Just tell her no to everything! She has an agenda… that only interest ds to benefit herself.

i would NEVER have unprotected sex with someone like her.

Posted
17 hours ago, Lamron300 said:

This is the crux of things and my issue with her. She has said to me she has never said she doesn’t want to get married to me (it’s such an embarrassing topic as I’m not desperate to get married, like anyone else you wait and see how relationship develops but in society men are expected to propose. So if I bring it up, it makes me seem like I am persuading or convincing, which I’m definitely not). 
 

From what I ascertain she was married 17 years ago or her marriage ended 17 years ago. I don’t talk about it as for me it can trigger resentment. Anyway for example yesterday she said her sister got married on her birthday, I joked and said I want to get married on my birthday. She said we can’t get married on your birthday as it’s a big family event for her next year. I asked her to expand and she was like well if you want to Marry ME it will have to be another time. She has also on other occasions said we need to discuss it, but her words have made the barrier to marriage a lot lower than having kids together. Even a non skeptic would say and can say she’s in last chance saloon for kids. Kids don’t show commitment to me, which is something I’ve never felt in any relationship. I’ve always felt as two separate people and never trusted someone and have always been right about that. 

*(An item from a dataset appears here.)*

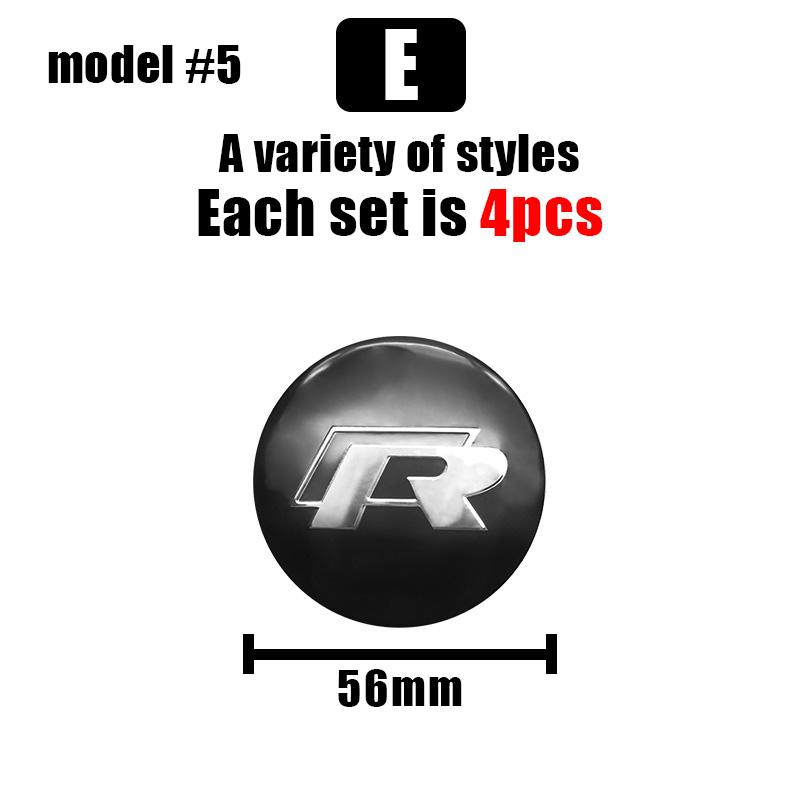 4 Stück 56/60/65mm Volkswagen Auto Radnabenkappe Aufkleber Radkappe Für VW R Golf Touran Octavia Motion GTI Polo Auto Zubehör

Hypothetically we could have never had these discussions date for 18 months and then naturally felt all these things marriages etc was the right time. But her being 40, that is unlikely to be wise. As I’ve asked and worried about, do I have feelings for her? Of course, have I enjoyed the relationship? 90% of the time, yes. The issue is now I don’t know how to talk to her without things getting really bad. For example, on a video call yesterday, she said ‘I’m old’ I want a plan. I know pregnancy can’t be expedited but we need a plan, like when you want me to move in and I think if we aren’t pregnant by June, we should get investigations. For the first time, I felt some weird uncomfortable pressure. I give her the benefit of the doubt as I have expressed wanting a kid with her previously and actively trying, but it didn’t feel weird or pressured till yesterday. Even apart from the fact it’s pretty insane to be talking about this stuff after 6 months (as I said I felt it was a whirlwind etc) she doesn’t have much money, so if we did do investigations, how would it be paid for? How would IVf be paid for? I am never again going to financially solve things or only me commit finances to a woman.  So what I’m saying to you without getting too psychological is there is a lot to unpack. I was happy to move forward with kids and I felt marriage as it was me maturing and settling down. I’ve always protected myself by either having surface level ‘situationships’ as I’ve felt it wouldn’t hurt as bad if went wrong or instead of being totally single, let me just date with no direction. I’m so confused.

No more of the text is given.